For a Lipschitz continuous function, there exists a double cone (white) whose origin can be moved along the graph so that the whole graph always stays outside the double cone.

In mathematical analysis, Lipschitz continuity is a regularity property of functions between metric spaces that is stronger than uniform continuity, and hence also stronger than continuity. Intuitively, a Lipschitz continuous function is limited in how fast it can change: there exists a real number such that, for every pair of points on the graph of this function, the absolute value of the slope of the line connecting them is not greater than this real number; the smallest such bound is called the Lipschitz constant of the function (and is related to the modulus of uniform continuity). For instance, every function that is defined on an interval and has a bounded first derivative is Lipschitz continuous.

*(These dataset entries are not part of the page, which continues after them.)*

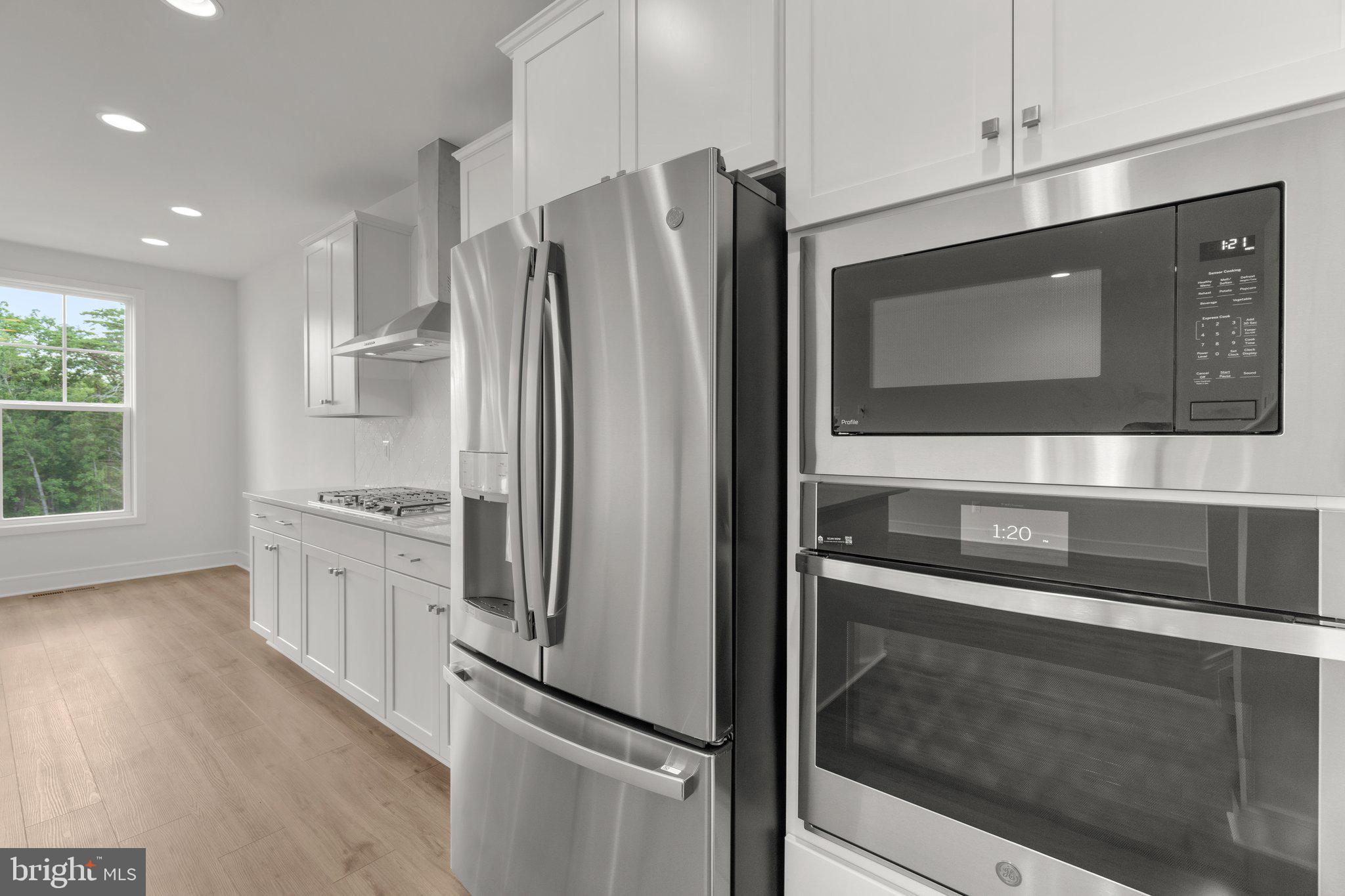 158 Leather Flower Dr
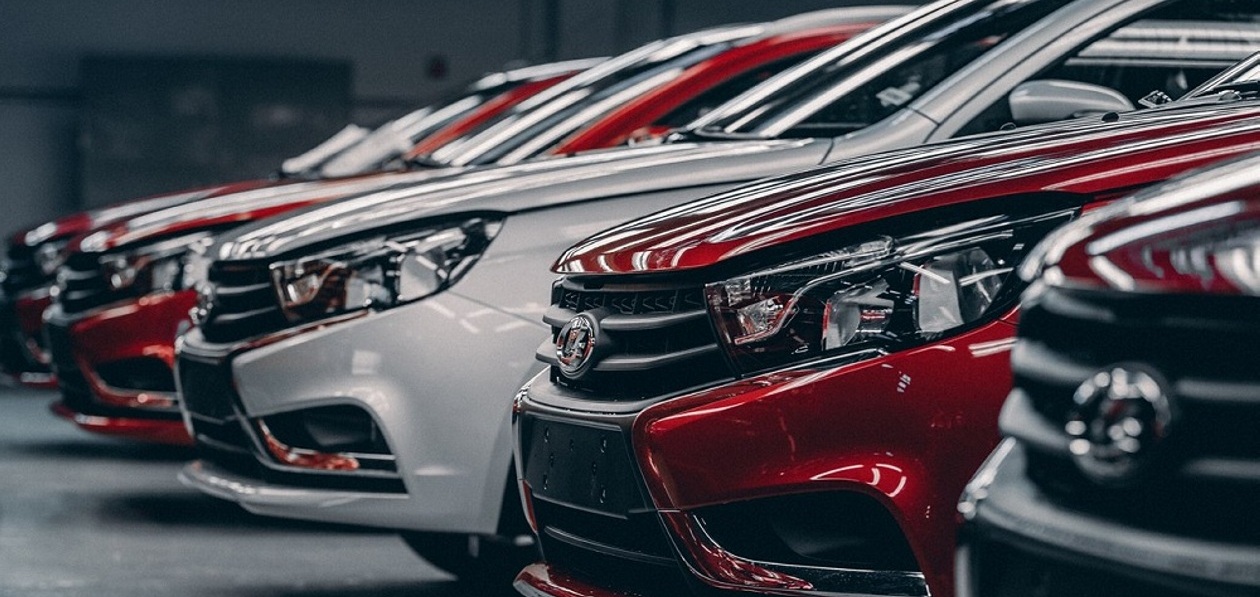 Спрос на новые автомобили вырос на 53%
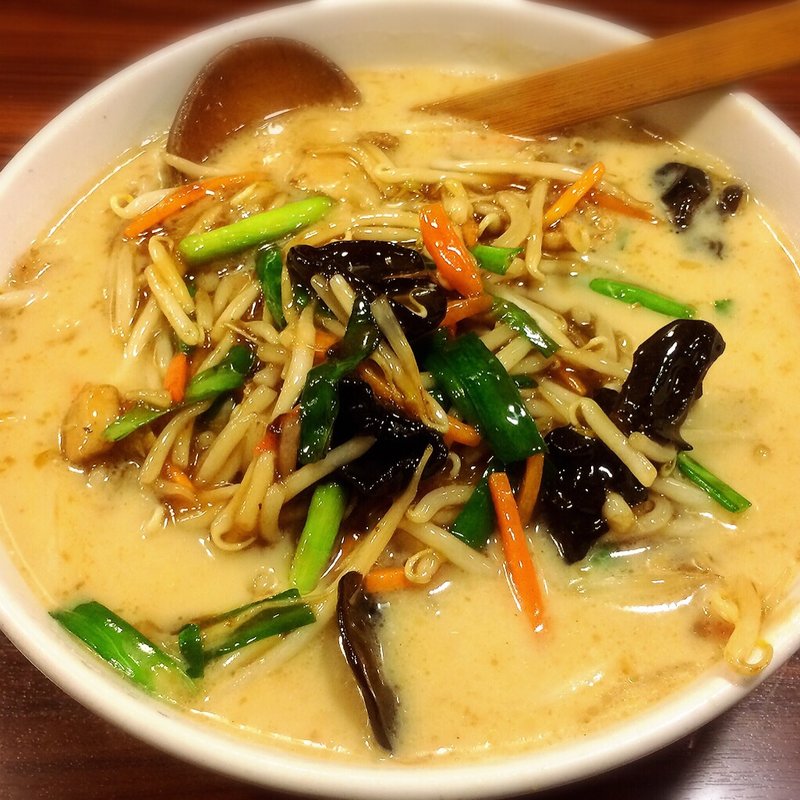 サンマー麺(醤油)700(味源 渋谷宇田川店 （あじげん）)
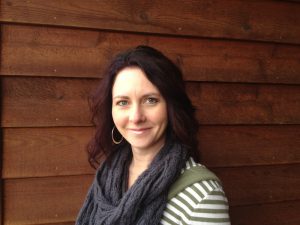 Author Morgan Wylie signs publishing contract for Havenwood Falls Shared World program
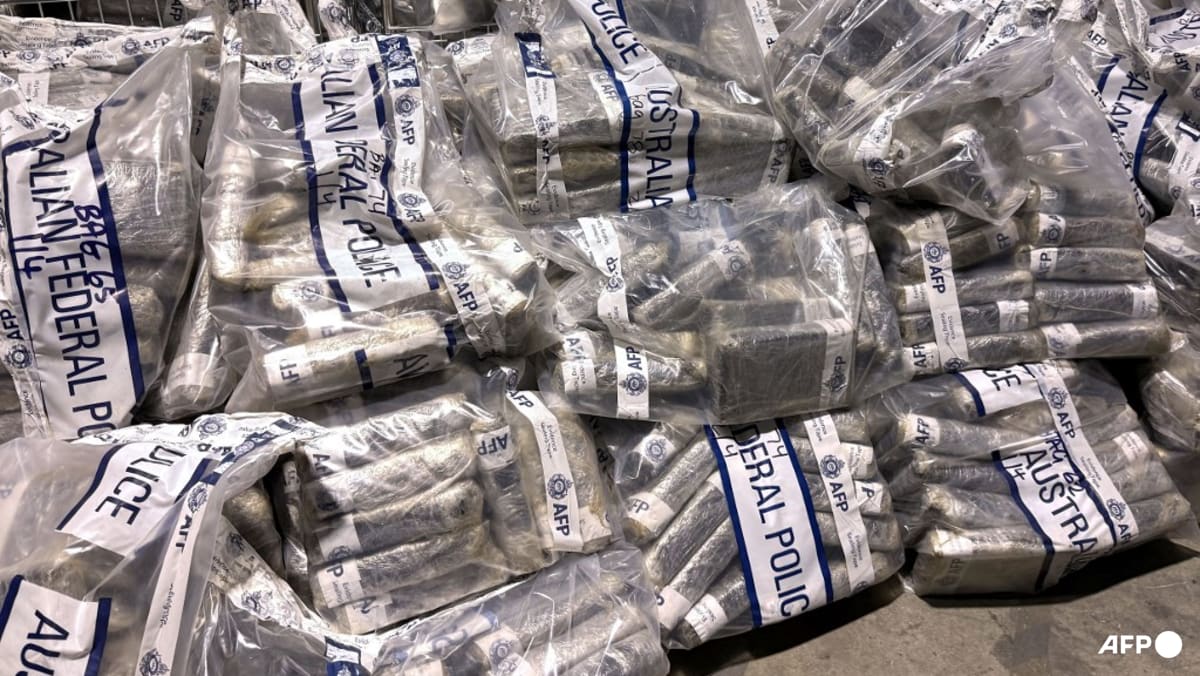 Australian police seize record 2.7 tonnes of cocaine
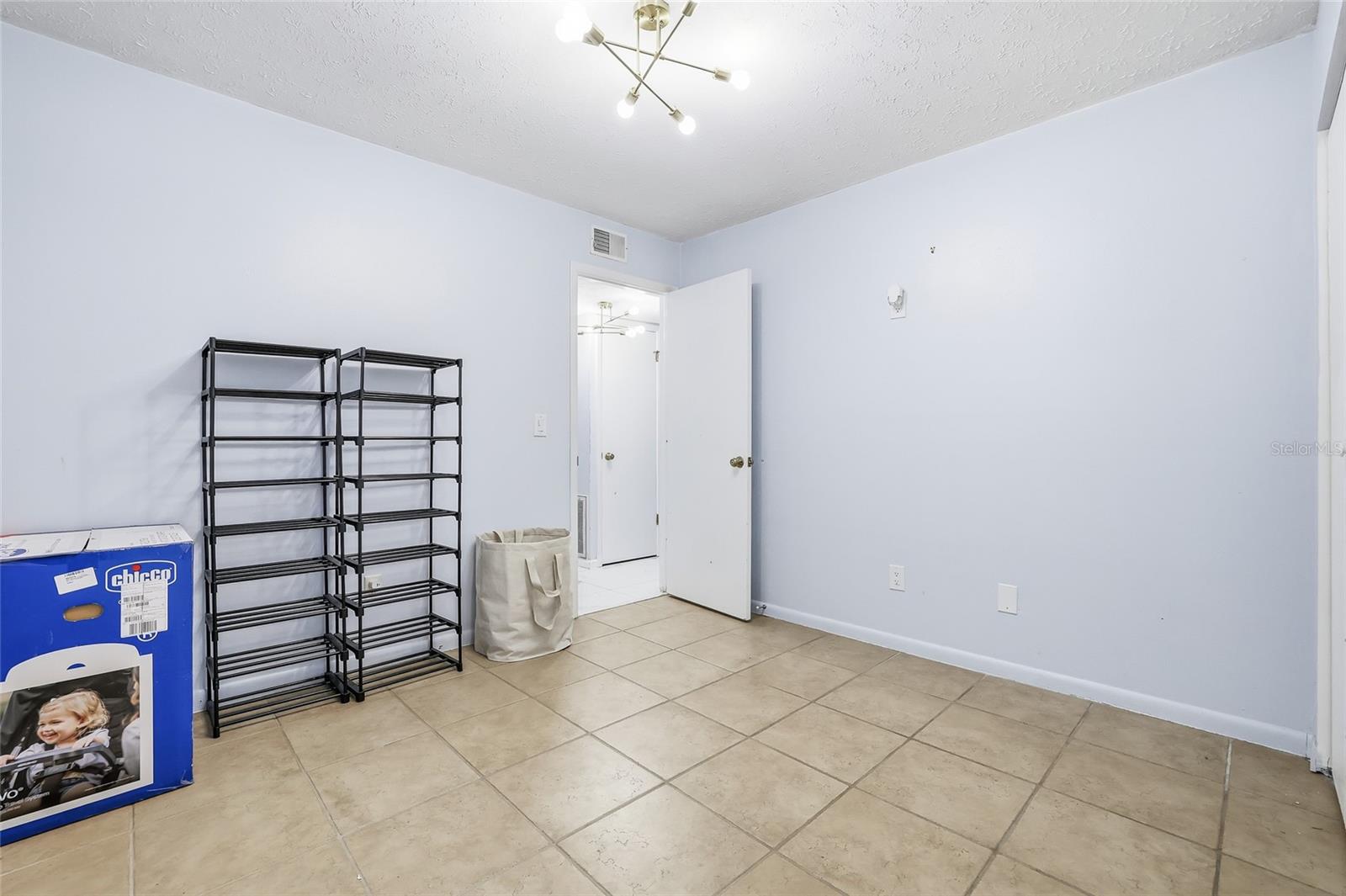 OXD/COUNTRY RUN UNIT 1 - Residential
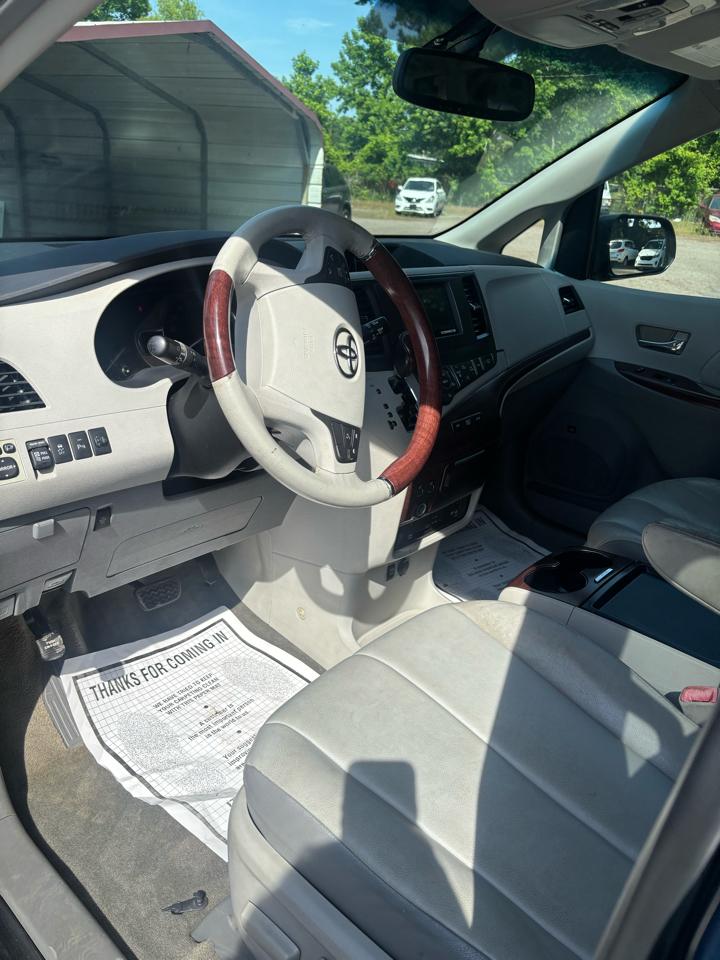 Toyota Sienna XLE AWD 7-Pass V6 2011
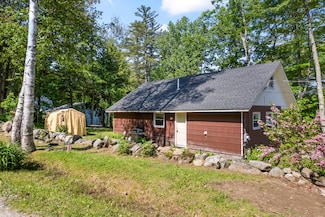 4 E Shore Dr, Greene, ME 04236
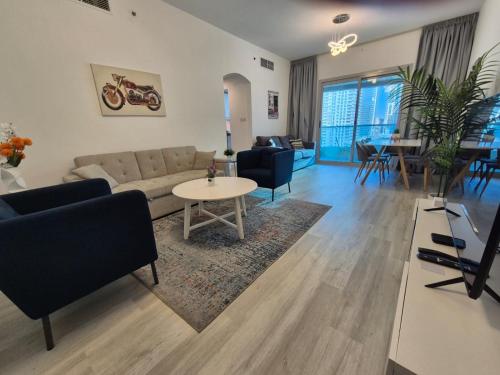 Spacious Apartment Marina View near ดูไบมารีนา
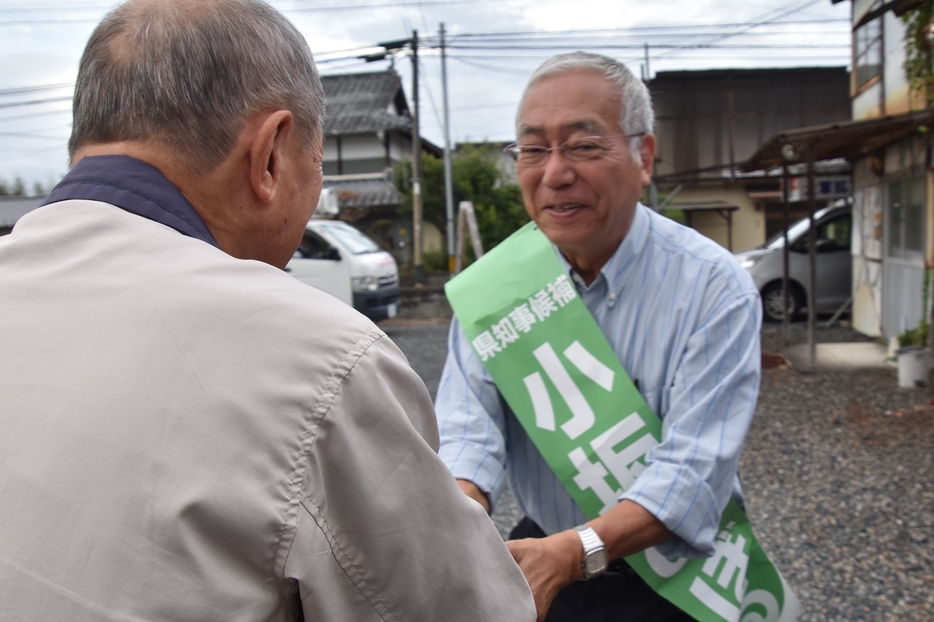 支援者と笑顔で握手を交わす小坂氏＝岡山県津山市内で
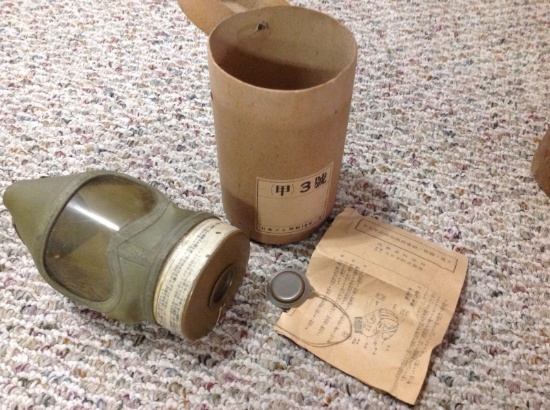 WWII IMPERIAL JAPANESE ARMY SOLDIER Original Gas Mask in Original Boxed-J-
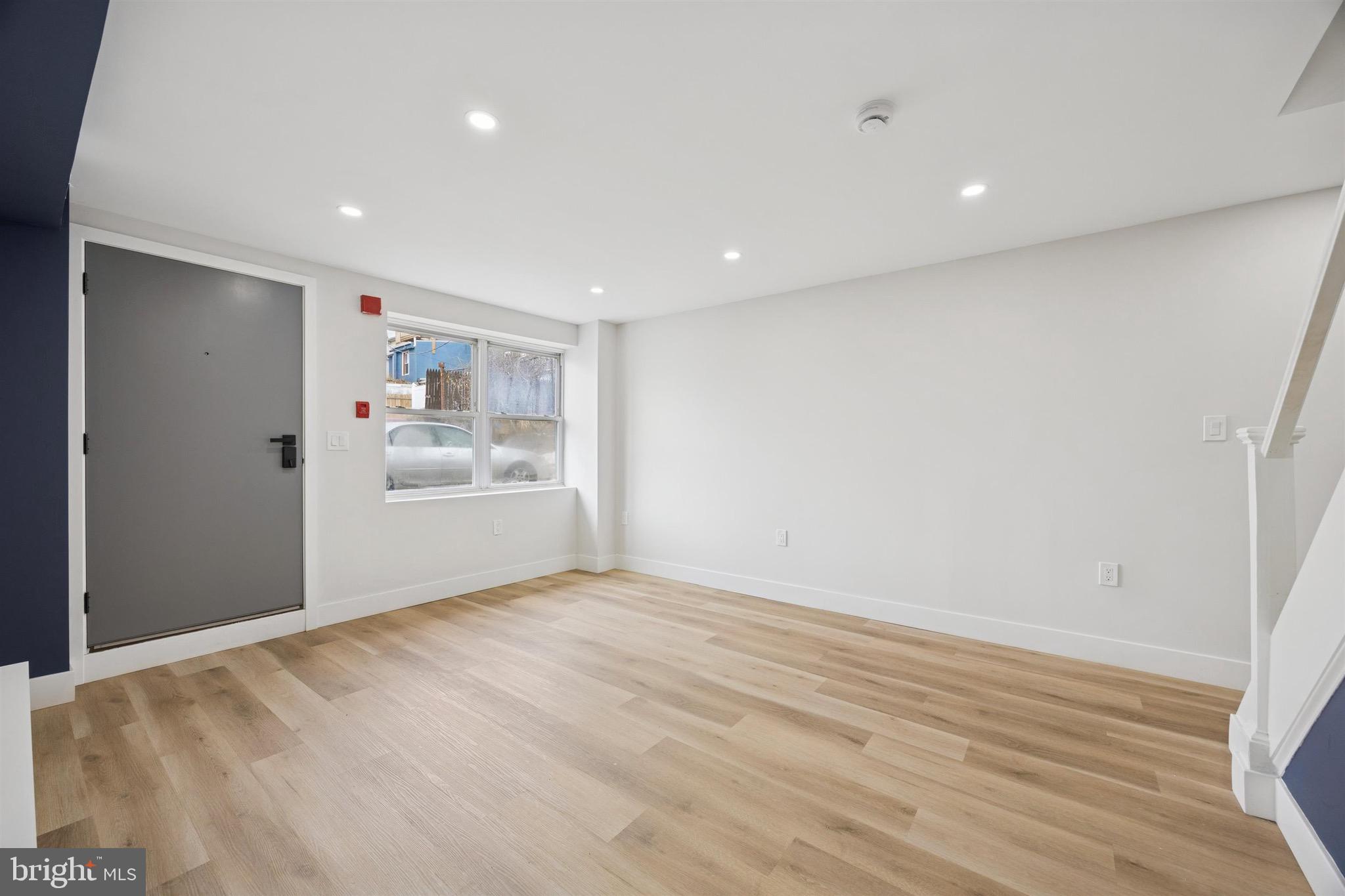 4522 Baker Street, Unit 13 Philadelphia, PA 19127 - Photo 4 of 13
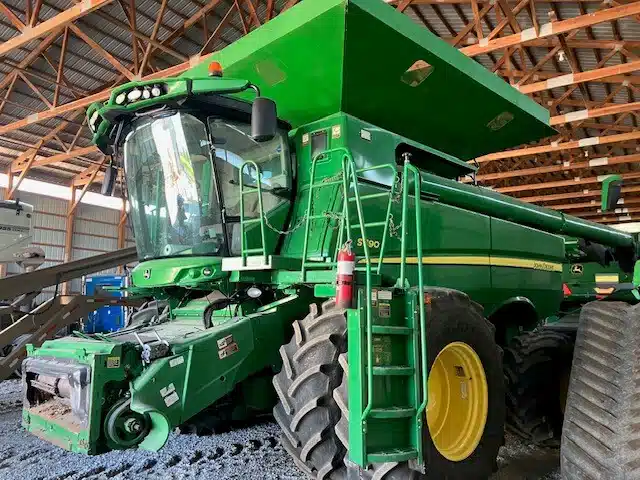 Photo de la Galerie 2 pour 2013 John Deere S690 Batteuse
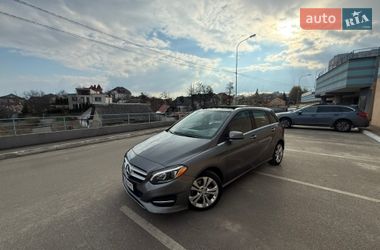 Хэтчбек Mercedes-Benz B-Class 2017 в Киеве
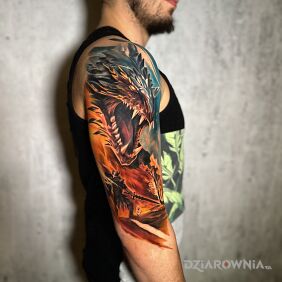 Tatuaż Kolorowe Smoczysko! na ramieniu motyw: kolorowe styl: realistyczne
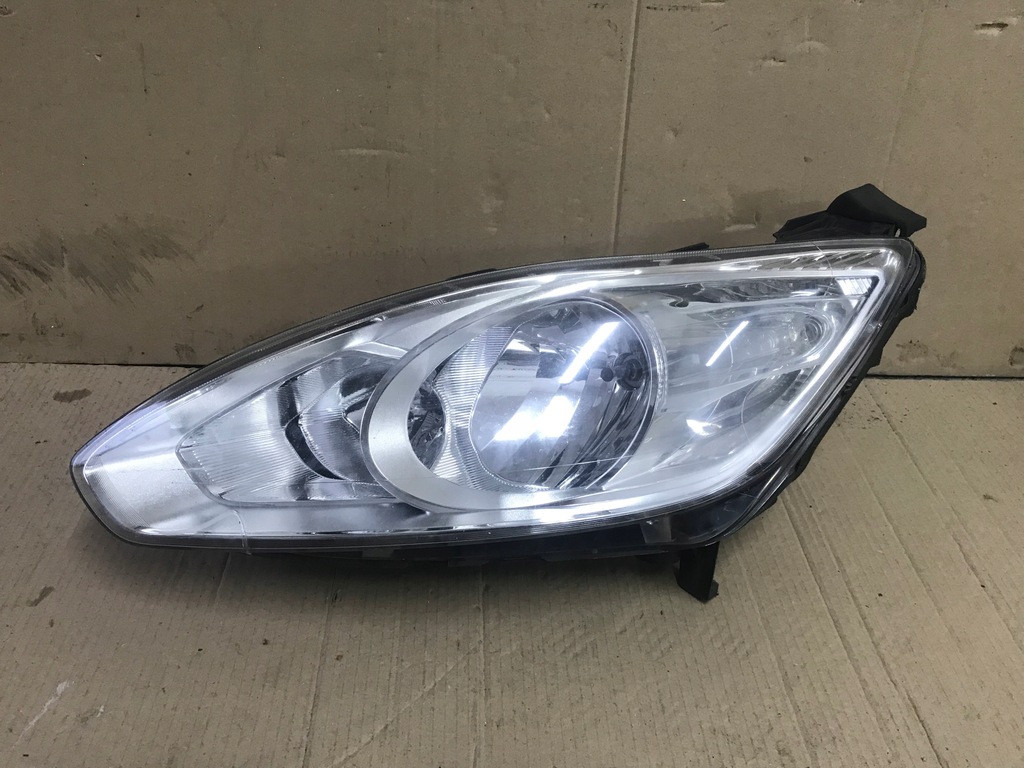 фото №1, Ford c-max mk 2 лампа левый перед eu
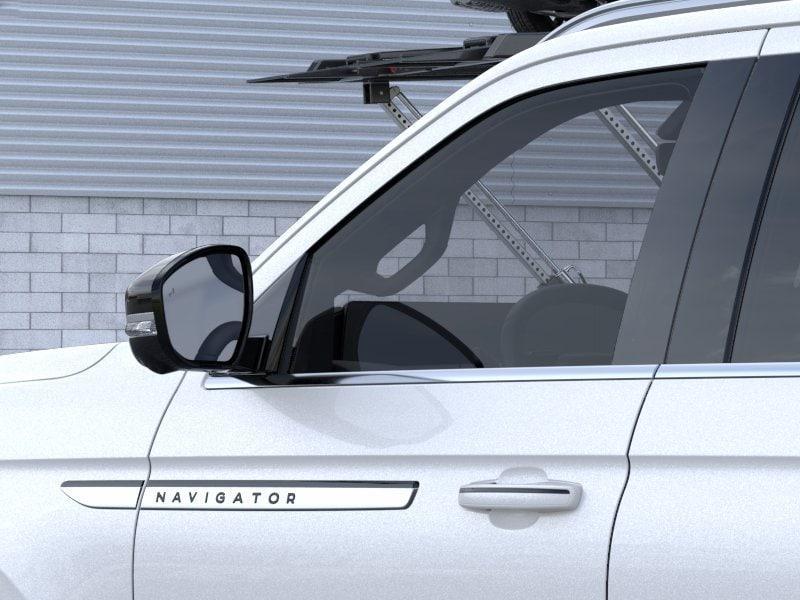 new 2026 Lincoln Navigator car, priced at $112,605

In the theory of differential equations, Lipschitz continuity is the central condition of the Picard–Lindelöf theorem which guarantees the existence and uniqueness of the solution to an initial value problem. A special type of Lipschitz continuity, called contraction, is used in the Banach fixed-point theorem.

We have the following chain of strict inclusions for functions over a closed and bounded interval of the real line with non-empty interior:

 Continuously differentiable ⊂ Lipschitz continuous ⊂ $\alpha$-Hölder continuous,

where $0 < \alpha \leq 1$. We also have

 Lipschitz continuous ⊂ absolutely continuous ⊂ uniformly continuous ⊂ continuous.

Lipschitz continuity is named after German mathematician Rudolf Lipschitz.

== Definitions ==
Given two metric spaces (X, d_{X}) and (Y, d_{Y}), where d_{X} denotes the metric on the set X and d_{Y} is the metric on set Y, a function f : X → Y is called Lipschitz continuous if there exists a real constant K ≥ 0 such that, for all x_{1} and x_{2} in X,
$d_Y(f(x_1), f(x_2)) \le K d_X(x_1, x_2).$
Any such K is referred to as a Lipschitz constant for the function f, and f may also be referred to as K-Lipschitz. The smallest constant is sometimes called the (best) Lipschitz constant of f or the dilation of f.
The function f itself is sometimes referred to as a "Lipschitz map".
If K = 1 the function is called a short map, and if 0 ≤ K < 1 and f maps a metric space to itself, the function is called a contraction.

In particular, a real-valued function f : R → R is called Lipschitz continuous if there exists a positive real constant K such that, for all real x_{1} and x_{2},
$|f(x_1) - f(x_2)| \le K |x_1 - x_2|.$
In this case, Y is the set of real numbers R with the standard metric d_{Y}(y_{1}, y_{2}) = |y_{1} − y_{2}|, and X is a subset of R.

In general, the inequality is (trivially) satisfied if x_{1} = x_{2}. Otherwise, one can equivalently define a function to be Lipschitz continuous if and only if there exists a constant K ≥ 0 such that, for all x_{1} ≠ x_{2},
$\frac{d_Y(f(x_1),f(x_2))}{d_X(x_1,x_2)}\le K.$
For real-valued functions of several real variables, this holds if and only if the absolute value of the slopes of all secant lines are bounded by K. The set of lines of slope K passing through a point on the graph of the function forms a circular cone, and a function is Lipschitz if and only if the graph of the function everywhere lies completely outside of this cone (see figure).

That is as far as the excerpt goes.